------ Records shown

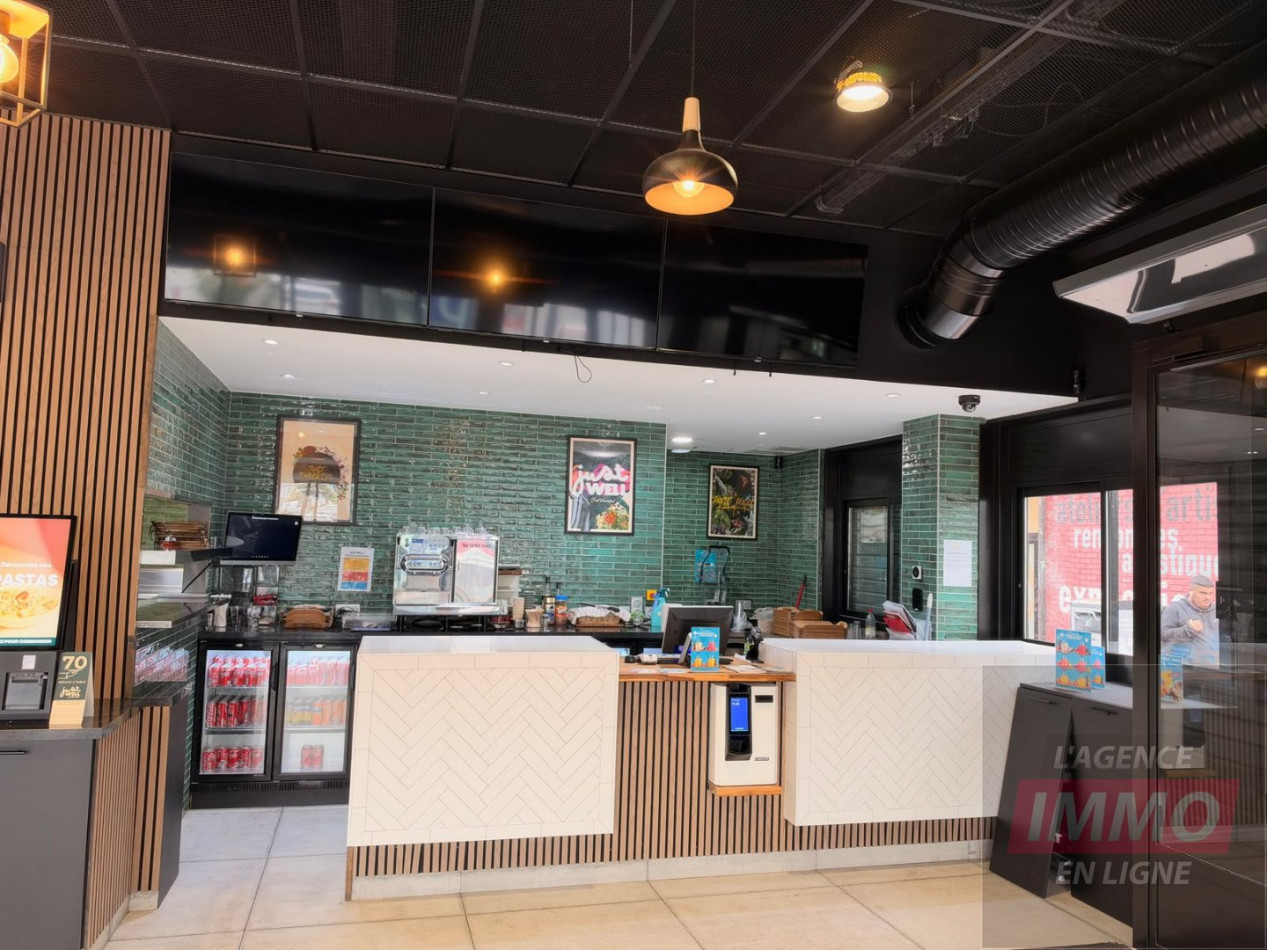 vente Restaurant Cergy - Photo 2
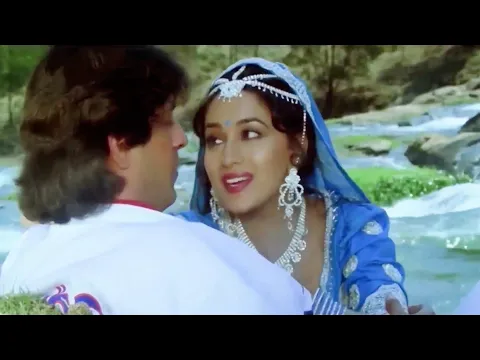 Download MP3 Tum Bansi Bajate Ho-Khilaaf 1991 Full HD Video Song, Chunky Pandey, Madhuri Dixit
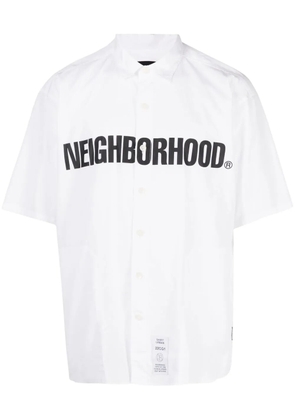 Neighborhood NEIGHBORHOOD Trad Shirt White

------------
------ Records shown

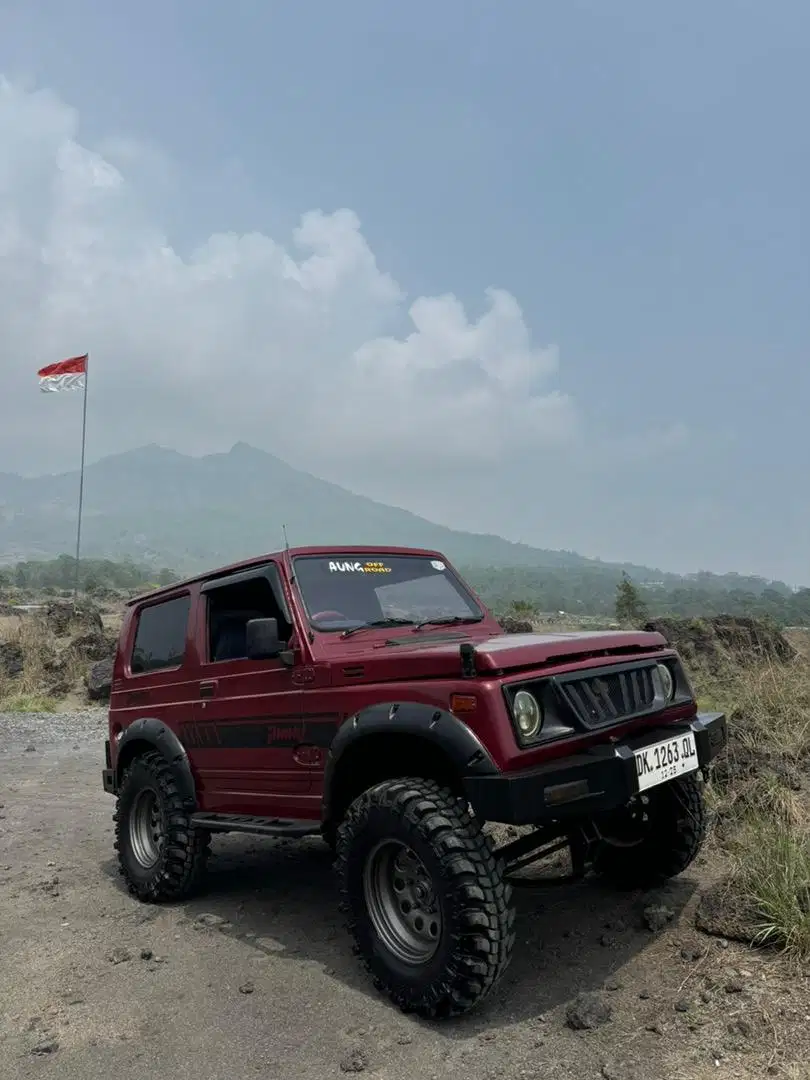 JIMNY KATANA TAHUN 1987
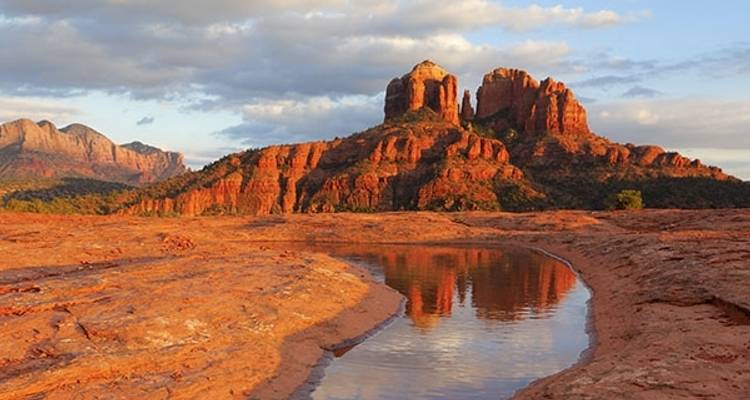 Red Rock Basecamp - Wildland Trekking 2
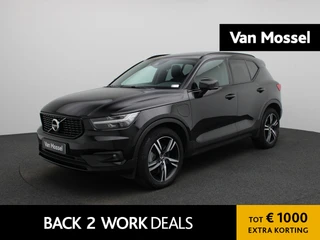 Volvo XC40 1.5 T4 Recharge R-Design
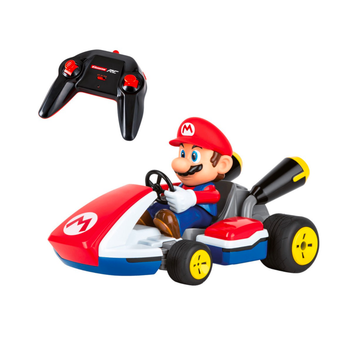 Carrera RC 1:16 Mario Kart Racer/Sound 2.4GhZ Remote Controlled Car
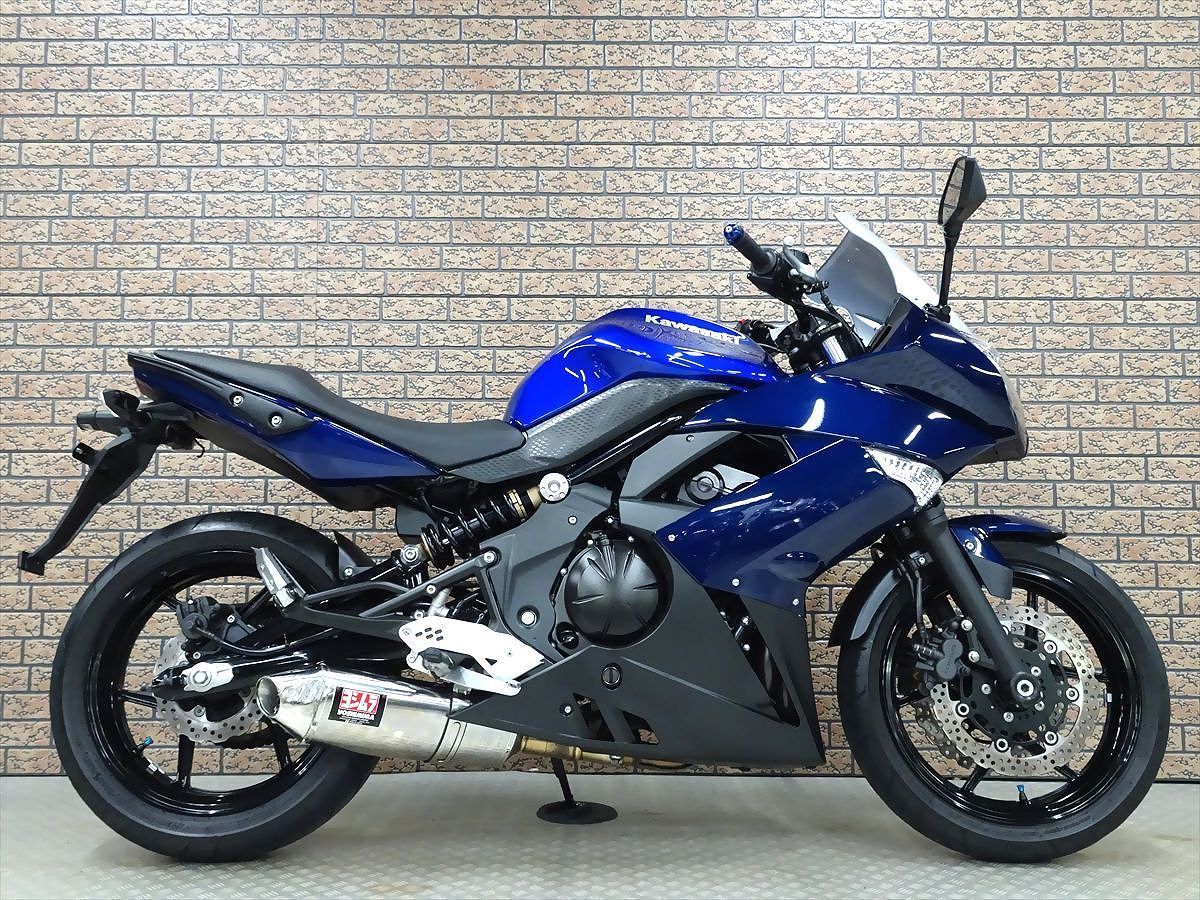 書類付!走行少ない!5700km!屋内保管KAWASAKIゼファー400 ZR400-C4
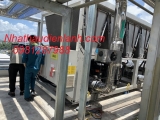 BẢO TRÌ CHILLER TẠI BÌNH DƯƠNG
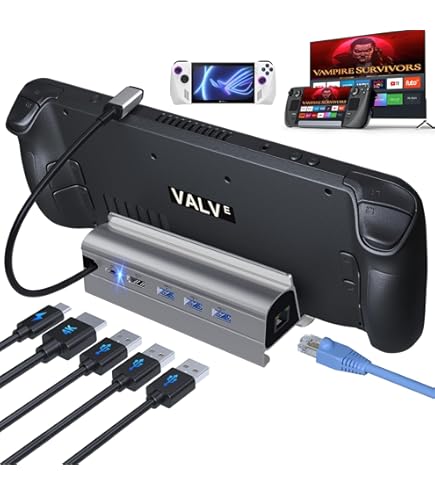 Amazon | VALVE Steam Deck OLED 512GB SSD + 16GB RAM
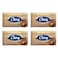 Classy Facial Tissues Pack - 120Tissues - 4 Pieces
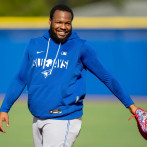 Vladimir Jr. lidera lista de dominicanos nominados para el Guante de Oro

------------

=== Work request ===
In the data above, the stretch from the line with "書類付!走行少ない!5700" through the line with "Vladimir Jr. lidera" is to be returned exactly, minus any pictures.

=== Completed task ===
 書類付!走行少ない!5700km!屋内保管KAWASAKIゼファー400 ZR400-C4
 BẢO TRÌ CHILLER TẠI BÌNH DƯƠNG
 Amazon | VALVE Steam Deck OLED 512GB SSD + 16GB RAM
 Classy Facial Tissues Pack - 120Tissues - 4 Pieces
 Vladimir Jr. lidera lista de dominicanos nominados para el Guante de Oro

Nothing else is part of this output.